━━ Dataset content ━━

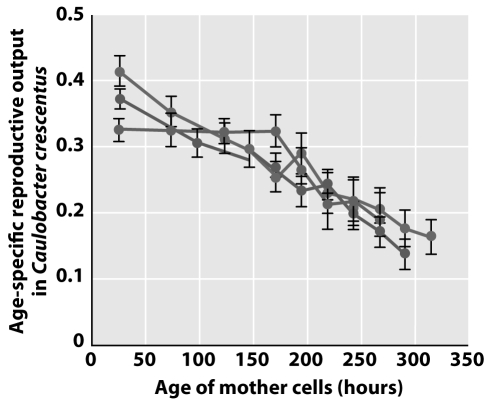 <strong>.Ackermann and colleagues (2003)investigated senescence in bacteria.What do the following results demonstrate and why are they surprising given evolutionary theory on aging? </strong> A)Bacteria do not senesce. Every organism should show trade-offs between fitness and longevity. B)Bacteria do not senesce. Extrinsic mortality is not constant throughout the life of a bacterial cell. C)Bacteria do senesce. Pleiotropy is the rare exception in simple bacterial genomes. D)Bacteria do senesce. Cell propagation and reproduction are the same in bacteria.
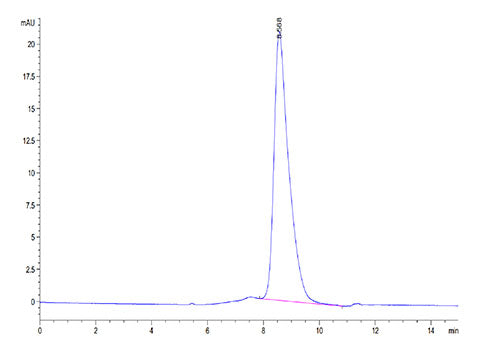 Recombinant Mouse GPVI Protein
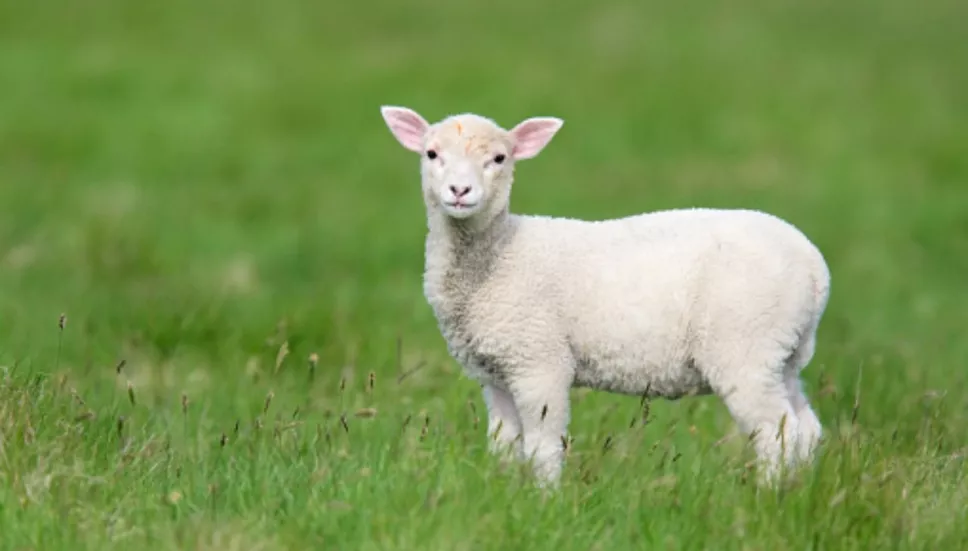 Virus_Lengua_Azul_mexico_2024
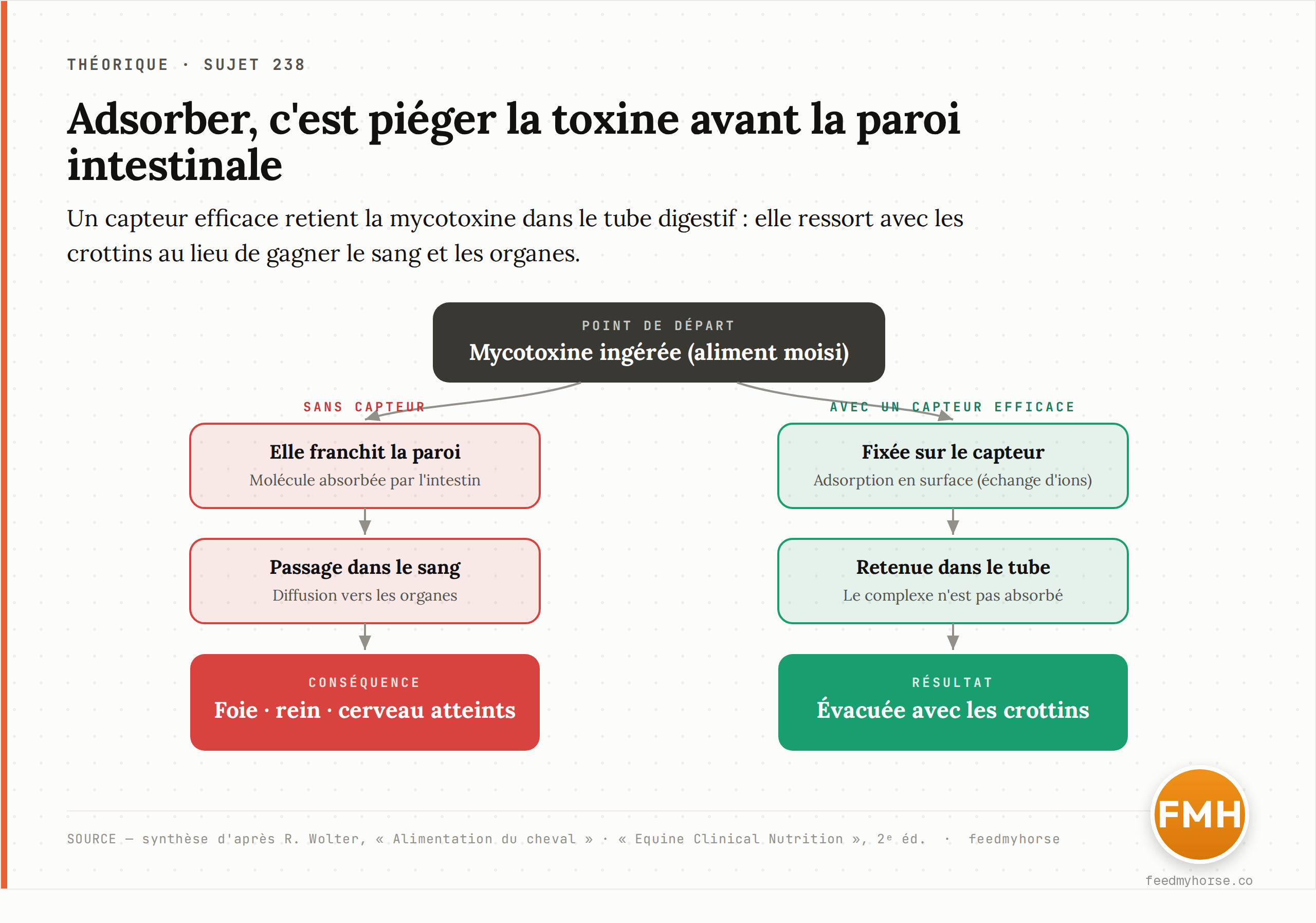 Schéma : sans capteur, la mycotoxine ingérée franchit la paroi intestinale et atteint les organes cibles ; avec un capteur efficace, elle est adsorbée dans le tube digestif et évacuée avec les crottins. Source : synthèse d'après Wolter (Alimentation du cheval) et Equine Clinical Nutrition, 2ᵉ éd.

━━━

→ Exercise
Skip every picture and transcribe the data above exactly.

→ Solution
 <strong>.Ackermann and colleagues (2003)investigated senescence in bacteria.What do the following results demonstrate and why are they surprising given evolutionary theory on aging? </strong> A)Bacteria do not senesce. Every organism should show trade-offs between fitness and longevity. B)Bacteria do not senesce. Extrinsic mortality is not constant throughout the life of a bacterial cell. C)Bacteria do senesce. Pleiotropy is the rare exception in simple bacterial genomes. D)Bacteria do senesce. Cell propagation and reproduction are the same in bacteria.
 Recombinant Mouse GPVI Protein
 Virus_Lengua_Azul_mexico_2024
 Schéma : sans capteur, la mycotoxine ingérée franchit la paroi intestinale et atteint les organes cibles ; avec un capteur efficace, elle est adsorbée dans le tube digestif et évacuée avec les crottins. Source : synthèse d'après Wolter (Alimentation du cheval) et Equine Clinical Nutrition, 2ᵉ éd.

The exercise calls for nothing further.